Disney has asked a federal court to allow its lawsuit to proceed as a First Amendment complaint.
Disney has moved to narrow the scope of its lawsuit against Florida Gov. Ron DeSantis, saying that the controversial conservative politician retaliated against the company after it publicly opposed a state law restricting classroom discussion of gender identity and sexuality.
“A targeted campaign of government retaliation—orchestrated at every step by Governor DeSantis as punishment for Disney’s protected speech—now threatens Disney’s business operations, jeopardizes its economic future in the region, and violates its constitutional rights,” the lawsuit states.
According to CBS News, Disney on Friday asked a federal judge for permission to file an unamended complaint, which would leave only its First Amendment allegations in place.
“We will continue to fight vigorously to defend these contracts, because these agreements will determine whether or not Disney can invest billions of dollars and generate thousands of new jobs in Florida,” Disney said, explaining, in part, its decision to drop other state-level claims.
If approved, the company would continue to pursue a separate claim—relating to the legality of agreements signed with Disney’s governing district, the former Reedy Creek Improvement District—to a Florida state court.
DeSantis, adds CBS News, effectively took control of Reedy Creek in February, which he then reconstituted as the Central Florida Tourism Oversight District, or CFTOD.
The governor also appointed five people to replace Reedy Creek’s elected board, and suggested that he might impose taxes on Disney hotels.
Somewhat comically, DeSantis also said that he might place a prison near Walt Disney World.
However, Disney escalated its feud with Florida by stripping Reedy Creek of much of its authority, giving Disney power over regional development before handing the reins to its DeSantis-approved successor.
The agreements, writes CBS, shifted control and design of the theme park from Reedy Creek and the Central Florida Tourism Oversight District back to Disney’s corporate headquarters. DeSantis has since challenged these provisions in state court.
In its federal filing, Disney maintains that Gov. DeSantis is waging a political war against the company for having simply taken a public stance against some of the state’s most controversial laws and initiatives.

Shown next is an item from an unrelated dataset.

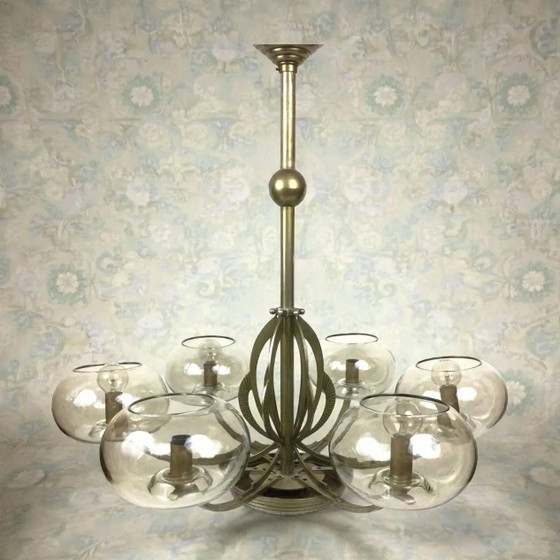 Art Deco Chandelier – Pendant lamps, Metal, Glass (photo 17 of 17)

“Disney faces concrete, imminent, and ongoing injury as a result of CFTOD’s new powers and composition, which are being used to punish Disney for expressing a political view,” Disney said in its motion.
The revised complaint would challenge “this unconstitutional weaponization of government by seeking a declaratory judgment that will allow Disney to pursue its future in Florida free from the ongoing retaliatory actions from the CFTOD Board.”
While presiding U.S. District Judge Allen Winsor had earlier rejected Disney’s request to narrow the lawsuit’s scope, he said that the company could refile its motion as long as it first liaised with DeSantis’s legal team.